DisCo: Resolving the Identity Crisis for Text-to-Image Generation

Motivation

The Identity Crisis in Multi-Human Generation

Modern text-to-image models produce strikingly photorealistic imagery—but ask them to render a group of people and they consistently fail: faces are duplicated, individuals look eerily identical, and the requested headcount is wrong. We call this the identity crisis.

The core problem: Existing models optimise for aesthetics and realism, but have no mechanism to enforce that each generated person carries a distinct identity—either within a single image or across multiple generations of the same prompt.

This severely limits real-world applications: synthetic data for group photo personalisation, consistent character storytelling, narrative media, educational content, and social simulation all require reliably different people in every scene.

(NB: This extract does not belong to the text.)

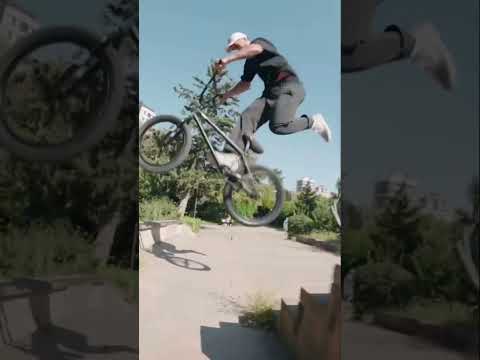 180 Tailwhip fakie pegs out ! İstanbul Bmx #shorts #bmx #istanbul #bike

Fig 1. State-of-the-art text-to-image models frequently generate near-identical faces when prompted for multiple people, even when overall image quality is high. DisCo eliminates these failures.

Our Approach

DisCo: Reinforcement with Diversity Constraints

DisCo fine-tunes flow-matching text-to-image models (e.g. Flux-Dev, Krea-Dev) via Group-Relative Policy Optimisation (GRPO), guided by a compositional reward that simultaneously targets identity uniqueness, count accuracy, and perceptual quality—without requiring any additional annotations.

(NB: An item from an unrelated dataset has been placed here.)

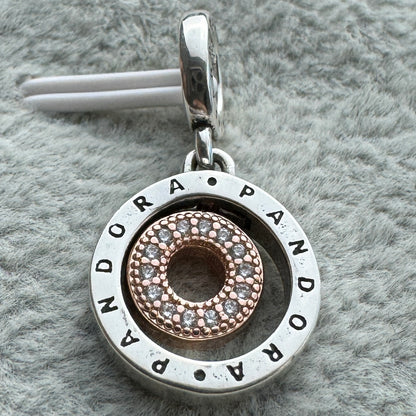 Charm Colgante Logotipo Rosado Pandora Vista Frontal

A key finding: optimising intra-image diversity alone causes global diversity collapse—duplicate identities simply migrate across samples rather than disappearing. DisCo addresses this with a novel group-wise counterfactual reward that penalises cross-sample identity repetition under GRPO. Explicit count and quality rewards prevent reward hacking (grid artefacts, face undercounting). A single-stage curriculum anneals from simple (2–4 person) to complex (2–7 person) scenes for stable convergence.

①

Intra-Image Diversity

Penalises high cosine similarity between ArcFace embeddings of different faces within the same generated image.

②

Group-wise Diversity

Counterfactual "remove-one" reward that directly discourages identity recurrence across the GRPO sample group for the same prompt.

③

Count Accuracy

Binary reward enforcing that the number of detected faces exactly matches the target person count in the prompt.

④

HPS Quality

Normalised HPSv3 score that preserves perceptual quality, prevents grid artefacts, and reinforces fine-grained prompt following.

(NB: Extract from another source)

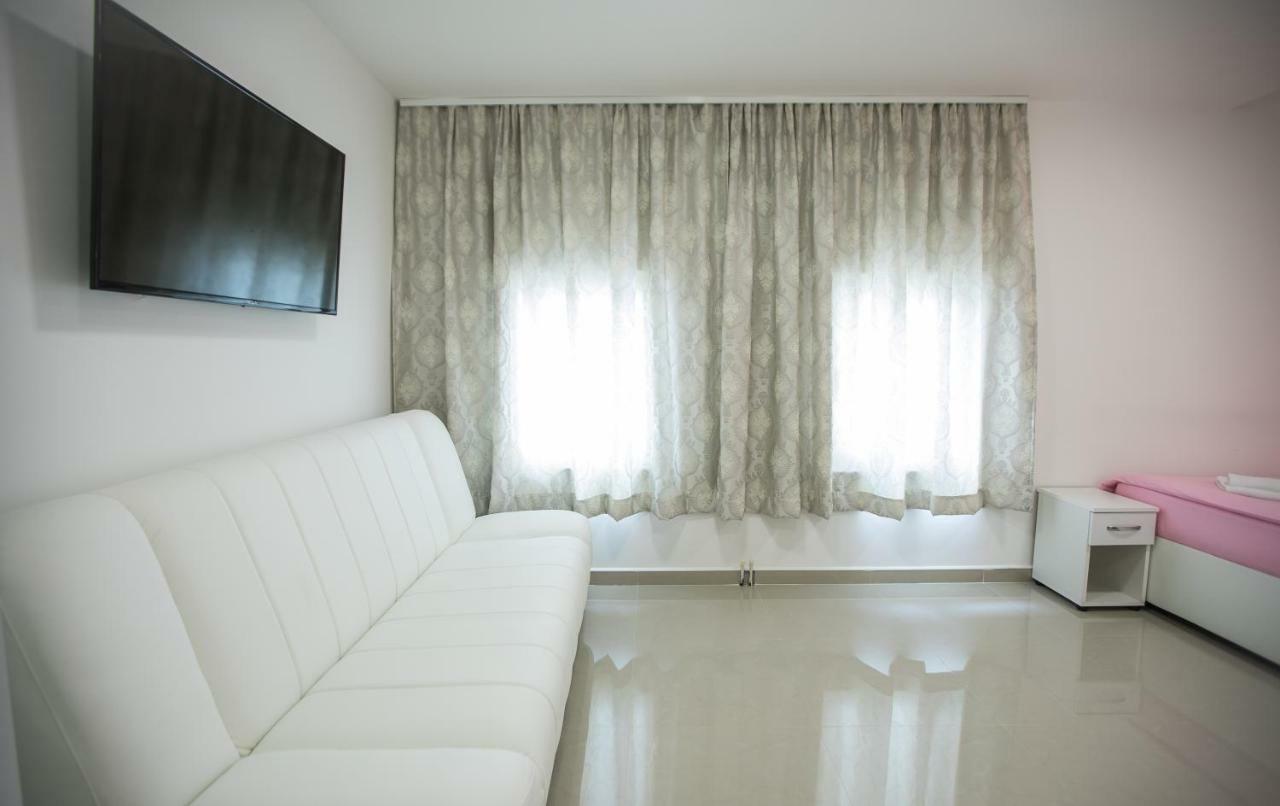 Pansion Kipovi Bed and Breakfast Tuzla Buitenkant foto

Fig 2. DisCo training overview. For each prompt the model generates a group of images, evaluates all four reward components, and updates via GRPO. The curriculum gradually increases the number of prompted individuals for stable convergence.

Qualitative Results

Generated Multi-Human Scenes

DisCo consistently produces groups of individuals with genuinely distinct faces, accurate counts, and high perceptual quality—across both a generalist backbone (Flux-Dev) and a specialist backbone (Krea-Dev).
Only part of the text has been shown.